Yingluck faces possible dismissal from office in two verdicts expected within weeks by the constitutional court and the National Anti-Corruption Commission (NACC).
Wednesday, the Constitutional Court granted her leave to submit further evidence until May 2, as she faces abuse of power charges.
Prosecutors allege the prime minister illegally transferred former National Security Council chief Thawil Pliensri as part of a reorganization of senior security officials. An administrative court has already ruled against the government and ordered Thawil's reappointment.
A constitutional court verdict against Yingluck could require her to stand down as prime minister. The court may also order the Cabinet led by the governing Pheu Thai Party to be dissolved.
Yingluck also faces NACC charges of negligence in her role as chair of a national rice program committee.
Chulalongkorn University political scientist Panitan Wattanayagorn, a former government spokesman under the Democrat Party, says the prime minister is politically compromised.
"The tipping point of the situation is of course the verdict of the court this month or next regarding Khun Yingluck," he said. "But there are many more cases against her, so her leadership in political terms is over already. It is a matter of time. But the trouble is can [the governing] Pheu Thai [Party] find a new leadership without any election to continue their power?
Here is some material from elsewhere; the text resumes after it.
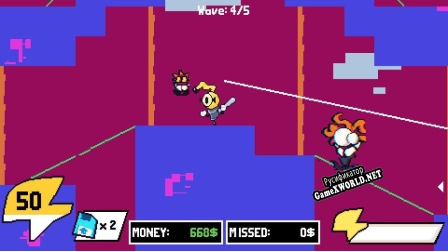 Русификатор для BONK Game Off 2021 jam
If they cannot the whole thing would collapse for them."
Anti-government protestors derailed national elections on February 2 by stopping registration of some candidates and some ballots. The constitutional court later annulled the vote.
Yingluck continues to preside over a caretaker administration, but it lacks the mandate to pass a national budget and has other constitutional curbs on its power.
This week the election commission held talks with up to 60 political parties in an effort to re-establish parliamentary democracy.
The current political crisis has led to more than 20 deaths and hundreds of injuries.
Mahidol University lecturer Gotham Areeya says there are fears of more clashes unless Thailand successfully moves ahead with new elections.
"We do not have much time now. I would pay more attention to the fact that yesterday seemingly the Election Commission may decide to decide to organize the general election within 60 to 90 days," Areeya said. "In that case the clock will start ticking again and the time for negotiation is becoming shorter if we don't do anything of that sort. So we may head for confrontation.”
Analysts say both sides have to negotiate to reconstitute parliament and government amid fears of the longer term economic impact from the economic and political uncertainty.